◆ Task to complete: Return the lines below exactly, from the first line to the line that contains "Barbour Tirrel Bomber". Leave out pictures.

◆ Input records:
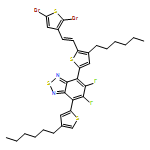 2,1,3-Benzothiadiazole, 4-[5-[2-(2,5-dibromo-3-thienyl)ethenyl]-4-hexyl-2-thienyl]-5,6-difluoro-7-(4-hexyl-2-thienyl)- 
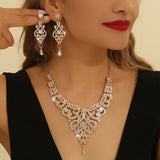 SET692 - Elegant Hollow Carved Fashion Jewellery Set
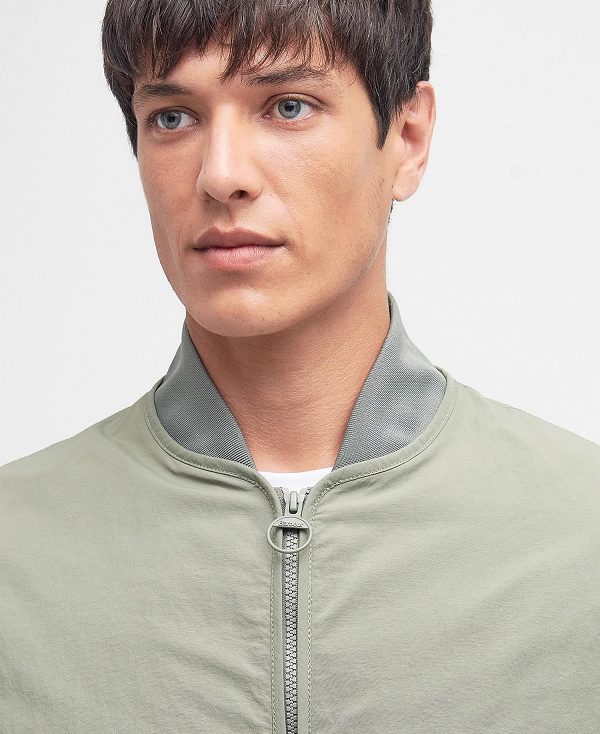 Barbour Tirrel Bomber Jacket Mist | BABO87482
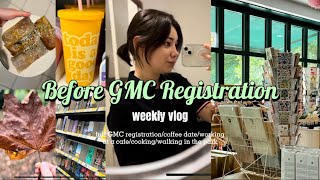 🇬🇧 London IMG Vlog Before GMC Registration Grocery Shopping Working at a Cafe in London [upl. by Ennairoc]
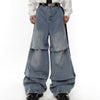 Light blue high wasted denim jeans - My Store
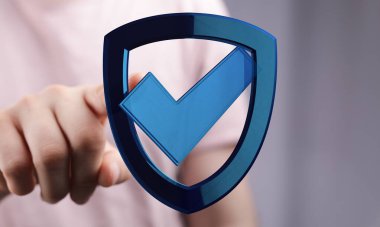 Dijital kalkan, güvenlik konsepti, çevrimiçi koruma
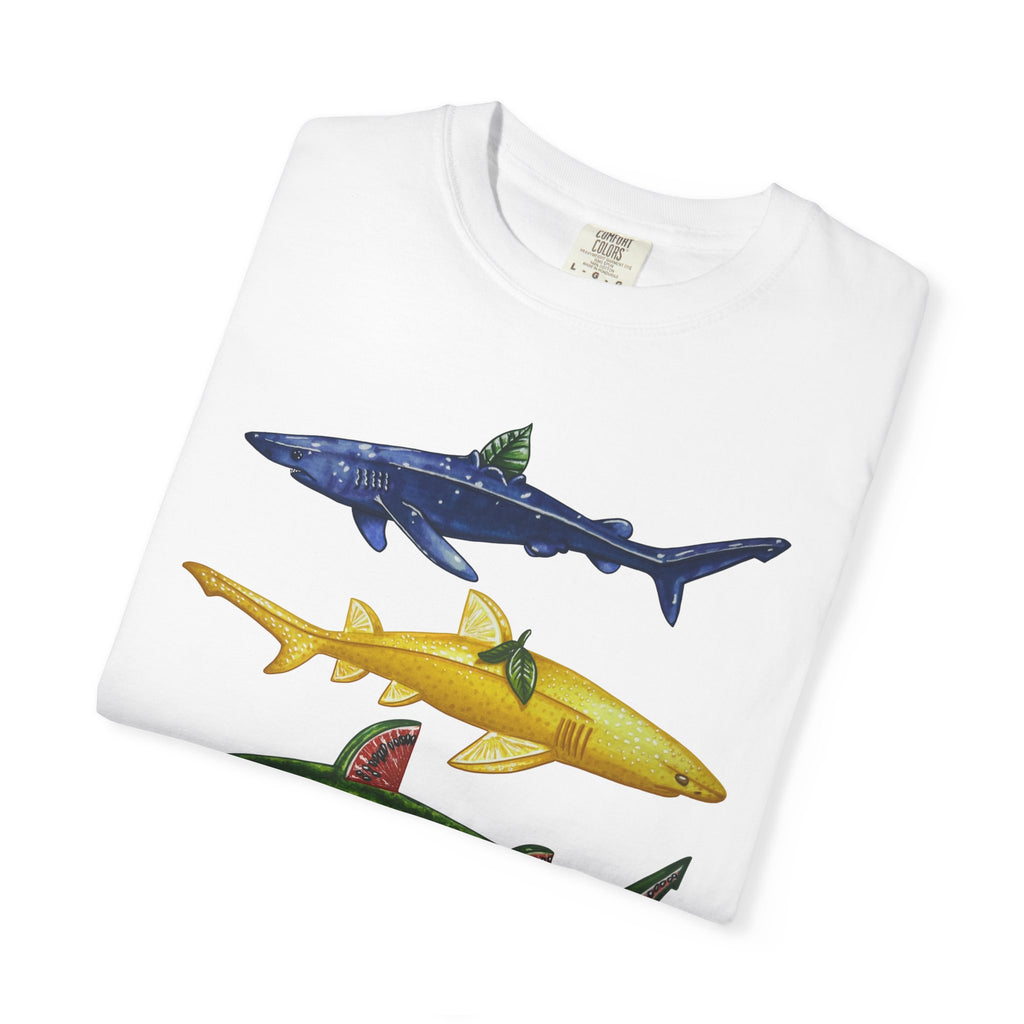 Fruit Sharks Selection 2 Blueberry Lemon Watermelon and Kiwi Unisex T-shirt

◆ Response to the exercise:
 2,1,3-Benzothiadiazole, 4-[5-[2-(2,5-dibromo-3-thienyl)ethenyl]-4-hexyl-2-thienyl]-5,6-difluoro-7-(4-hexyl-2-thienyl)- 
 SET692 - Elegant Hollow Carved Fashion Jewellery Set
 Barbour Tirrel Bomber Jacket Mist | BABO87482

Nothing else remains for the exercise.